# Anyone out there manage to get PG with low reserve?



## freyamum (Jan 12, 2009)

Hi there, I turned 41 recently, and after having DD at 35 had probs conceiving again. We've been round the usual bends and turns in the road and having recently had a test for Anti Mullerian Hormone it came up at 0.1 (it should be >5) The clinic will do IVF but very small chance etc etc. We're looking at donor egg also but part of me thinks if I managed a healthy egg 6 years ago, could there be any others left hiding in there?! Or am I clutching at straws?  

TIA 

janice


----------



## hopehopehope (Dec 8, 2008)

freyamum said:


> Hi there, I turned 41 recently, and after having DD at 35 had probs conceiving again. We've been round the usual bends and turns in the road and having recently had a test for Anti Mullerian Hormone it came up at 0.1 (it should be >5) The clinic will do IVF but very small chance etc etc. We're looking at donor egg also but part of me thinks if I managed a healthy egg 6 years ago, could there be any others left hiding in there?! Or am I clutching at straws?
> 
> TIA
> 
> janice


Hi thereFreyas mum!! My AMH is 3.4 (where 15+ is satisfactory and 2.2 or below is Very low) which is at the bottom end of low. Ii am having donor IUI. On tww at the moment after firs go. My clinic told me that a low AMH indicated that i would not respond well to drugs, and i am more likely to conceive with iui. Have you tried that?? Wishing you luck


----------



## freyamum (Jan 12, 2009)

Hi there, sorry didn't see your reply before....I didn't actually know you could do donor IUI! How does that work? BTW Sorry to see that your's didn't work this time   

Regards Janice


----------



## annacameron (Dec 16, 2008)

different scales for AMH
I just posted a long post about all this on poor responders

scales are 
uk generally used
2.2 to 6.8 normal

or

15 to 48 normal

you multiply by 7.14 to get the higher scale. 

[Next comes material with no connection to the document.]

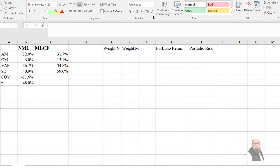Assalamu alaikum, this is Dr. Saifullah. In this video I will show you how we can compute the efficient frontier based on two stocks. In an earlier video I have explained the concept of efficient frontier, and the link of that video is shown in the upper right corner.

lister and UCH  say the problemns really start at 0.7 (or 5 on the higher scale)


----------



## freyamum (Jan 12, 2009)

Uh oh at 0.1 the problems really have started then haven't they!   Good job I have come to terms with egg donation...many thanks for your post.

Regards Janice


----------



## annacameron (Dec 16, 2008)

well these things are based on groups and the AMh test is not conclsuive. 

havea alook on poor respodners thread for posts by Little Jen who sets out very clearly exaclty why AMH is a bit of a doidgy test for total reliance. 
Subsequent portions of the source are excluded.